Hey Everybody! I just wanted my readers to know that I love getting comments. There are days when I really don't want to post anything because I just don't feel like anyone is visiting me. I question the point of my blog if I'm just writing for myself. Every so often I get a comment or someone tells me they miss my blog and I feel so rejuvinated and I want to do it more. So, leave comments and let me know what you think. Thanks!
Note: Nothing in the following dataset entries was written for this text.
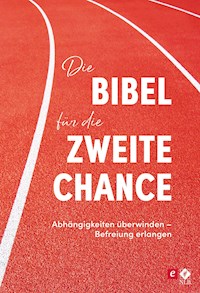 Die Bibel für die zweite Chance - Stephen Arterburn - E-Book
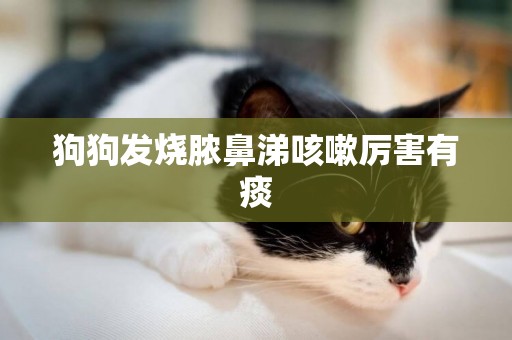 狗狗發燒膿鼻涕咳嗽厲害有痰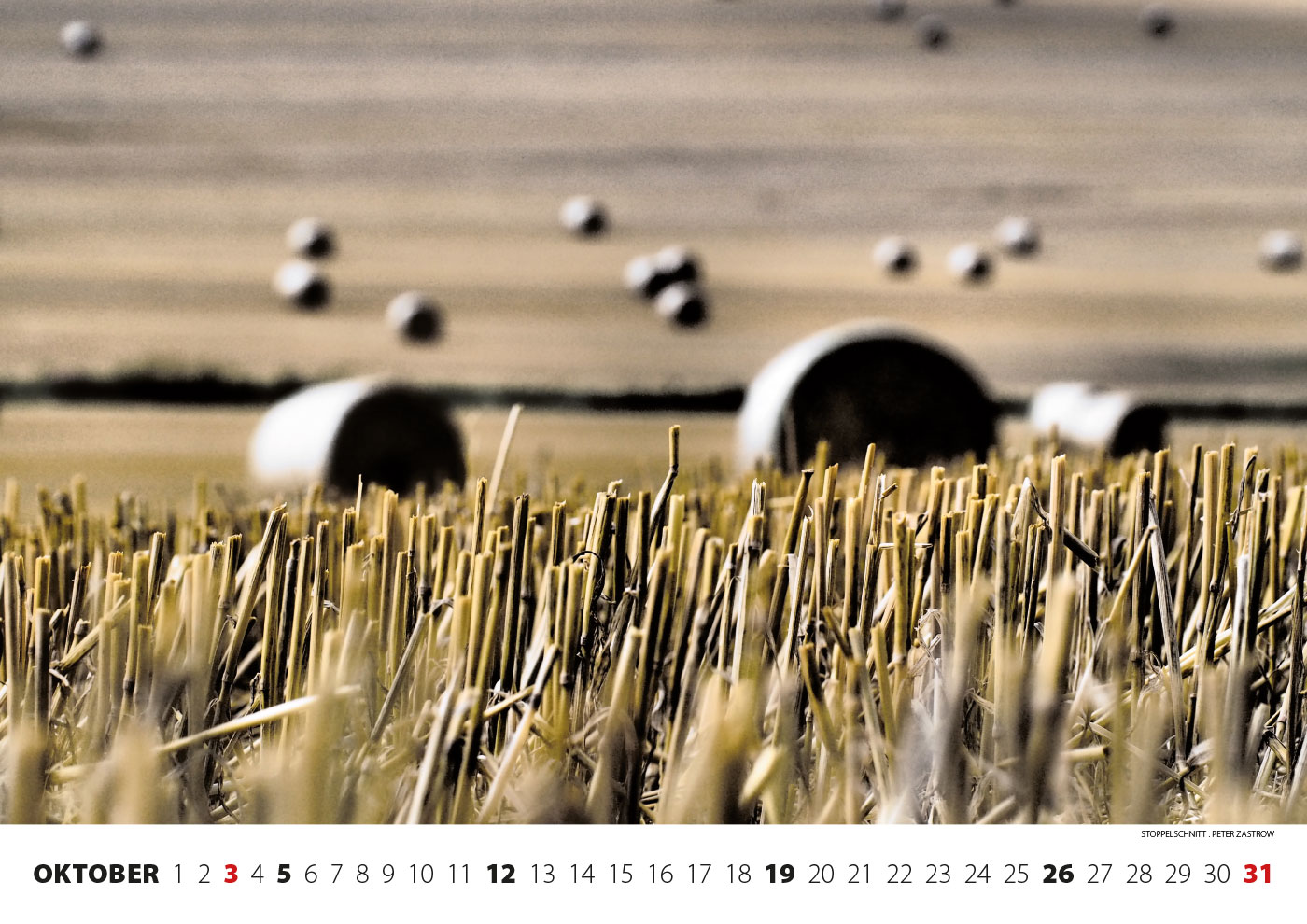 2014-kalender-fotoclub-kontrast-suhl-10 Kalender Fotoclub Kontrast 2014: Stoppelschnitt (Foto: Peter Zastrow)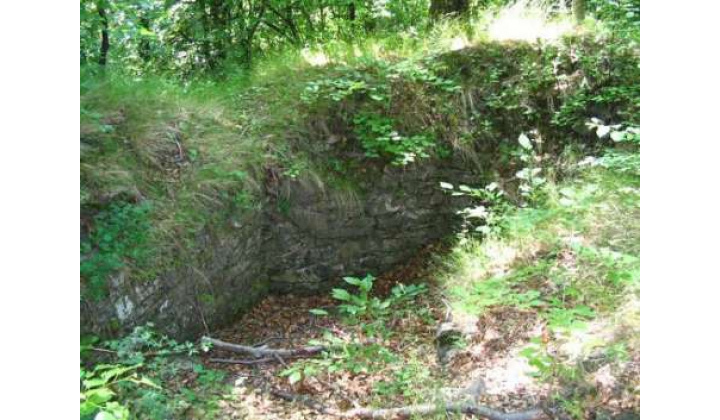 Choňkovce Castle ruins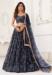 Picture of Sightly Net Black Lehenga Choli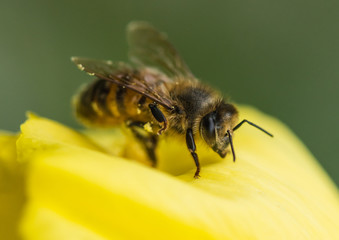 Evening Primrose Morning Visitor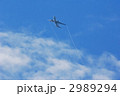 ベイパー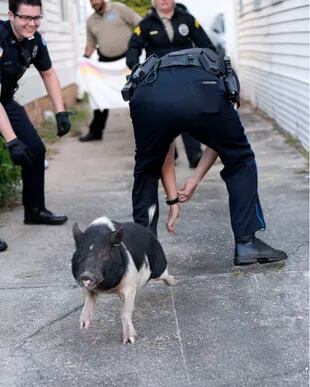 El cerdo finalmente fue capturado (Foto: Facebook Departamento de Policía de Pensacola)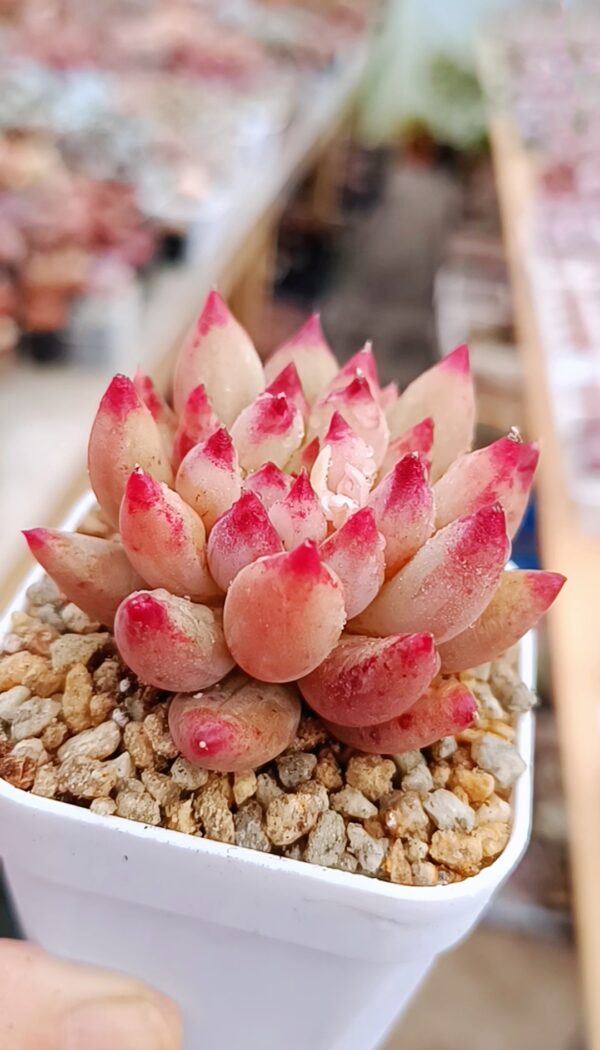 Pachyphytum Yanzi – Image 2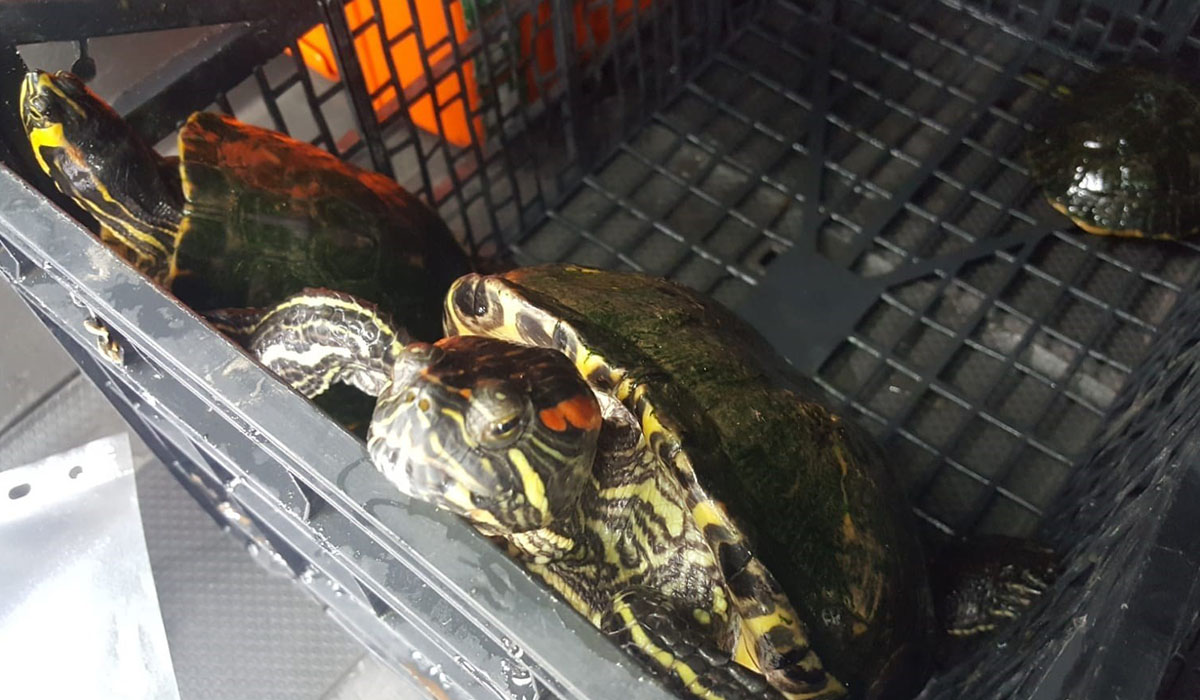 Invasive Schildkröten auf Teneriffa beschlagnahmt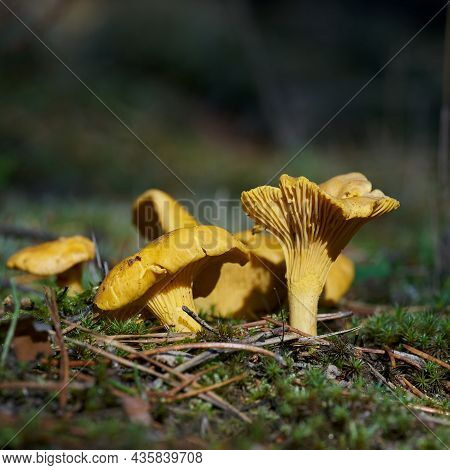 Chanterelles (cantharellus Cibarius) On The Ground In A Forest In Autumn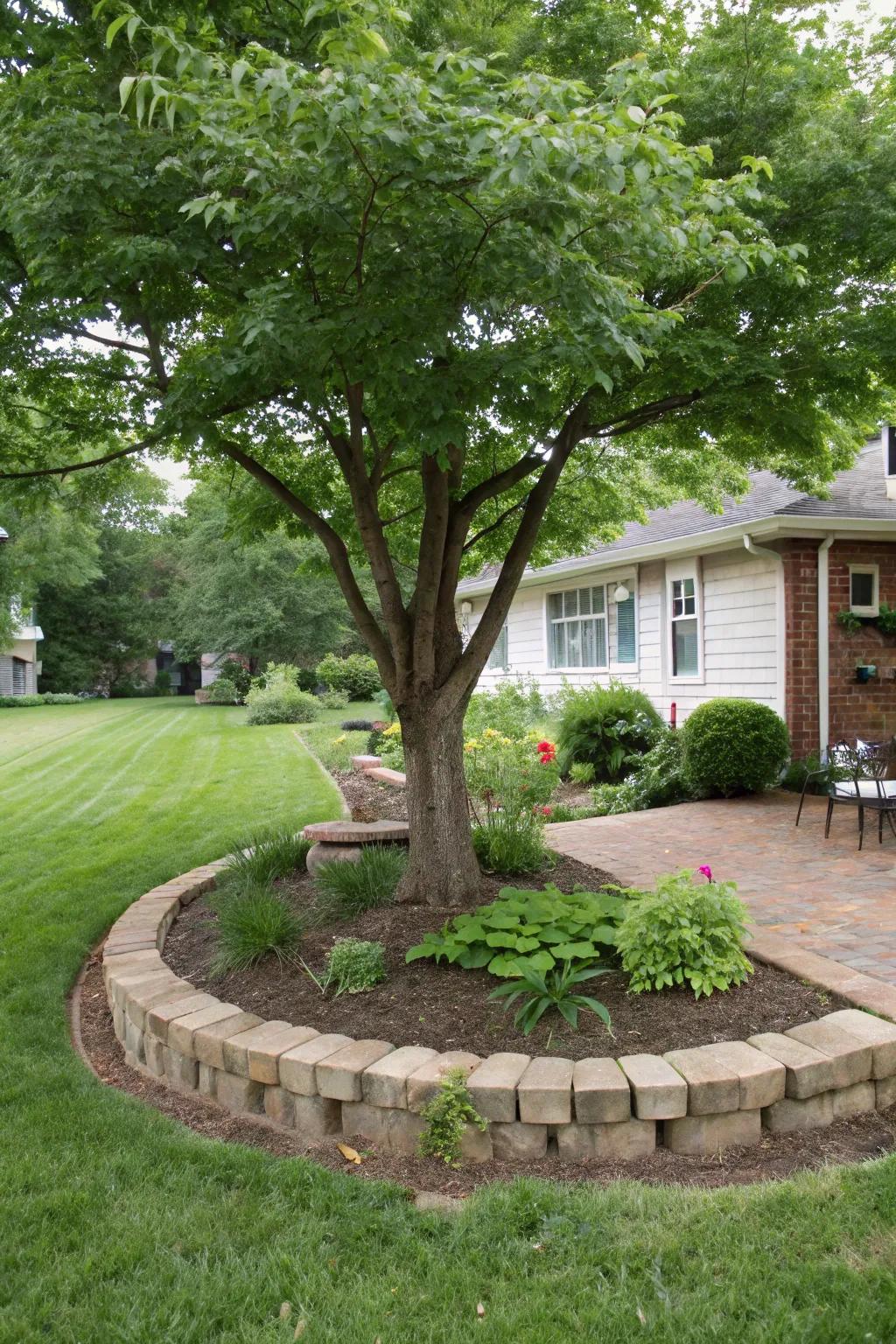 A tree featuring a delineated brick perimeter, begetting a sharp and structured aesthetic.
One Thousand Gifts, Part 2




11) Firewood
12) Chris teaching me to build my own fires
13) A fire on a cold day
14) Christmas lights everywhere
15) Christmas trees...especially real
16) Caleb likes squash!
17) The chance to sell books on eBay
18) Our Concept2 Indoor Rowing Machine
19) Jack Russell Terriers--Eowyn
20) The Church Nursery
21) Non-Mommy Time (a time for me to get away without Caleb)
22) Caleb sleeping in the car (almost like Non-Mommy Time)
23) Being able to stay home with Caleb
24) Have both sides of the family so close to us
25) My Small Group
26) Netflix
27) Criminal Minds--my guilty pleasure on tv
28) Our Teaching Pastor turning the Bible alive each Wednesday night
29) Voice of the Martyrs
30) Dates with Chris
31) How readily available babysitting is for us...usually just one phone call away (even last minute)
32) How supportive and encouraging Chris is with my crazy ideas





Tuesday, November 28, 2006

I am having a rough moment right now. I put Caleb down in his crib hoping he would fall asleep and take his nap. For a long time I've allowed him to nap in his swing or on my bed and without any sort of a schedule. I've known that "forcing" him to spend time in his crib was inevitable but I just didn't want to listen to his cries. Well, I've finally done it and he is squawking his head off right now. Have strength, Mommy, have strength. Whoo!

One Thousand Gifts...



It sure has been forever since I've been here. I could say that I am too busy or that I have better things to do. But, the truth is that I just don't want to be honest and vulnerable right now. I've been coming to a lot of conclusions lately as I TRY to regain some sense of a devotional time with God after Caleb's birth. Some of these conclusions have been rather profound...like how much Mom's death has really affected my relationship with God. I guess you could say that God and I are working things out even though the truth is that I am doing the working because God never really changed nor moved in this whole situation. I am sure that more will be said about that whole process. I've been really desiring to write here lately and perhaps it will be good for me to have a creative outlet to be honest and vulnerable but to also have fun. I was told this past weekend that my blog was actually missed by my family and that gave me a twinge of guilt and also motivation to do it again. So, this is what I'm proposing. I am going to do this One Thousand Gifts thing from Christian Women Online to start me off again. I am sure that jotting down One Thousand Gifts in my life will do me and my faith a world of good. I am sure I will probably start out broad and have to start going more and more specific. Here I go...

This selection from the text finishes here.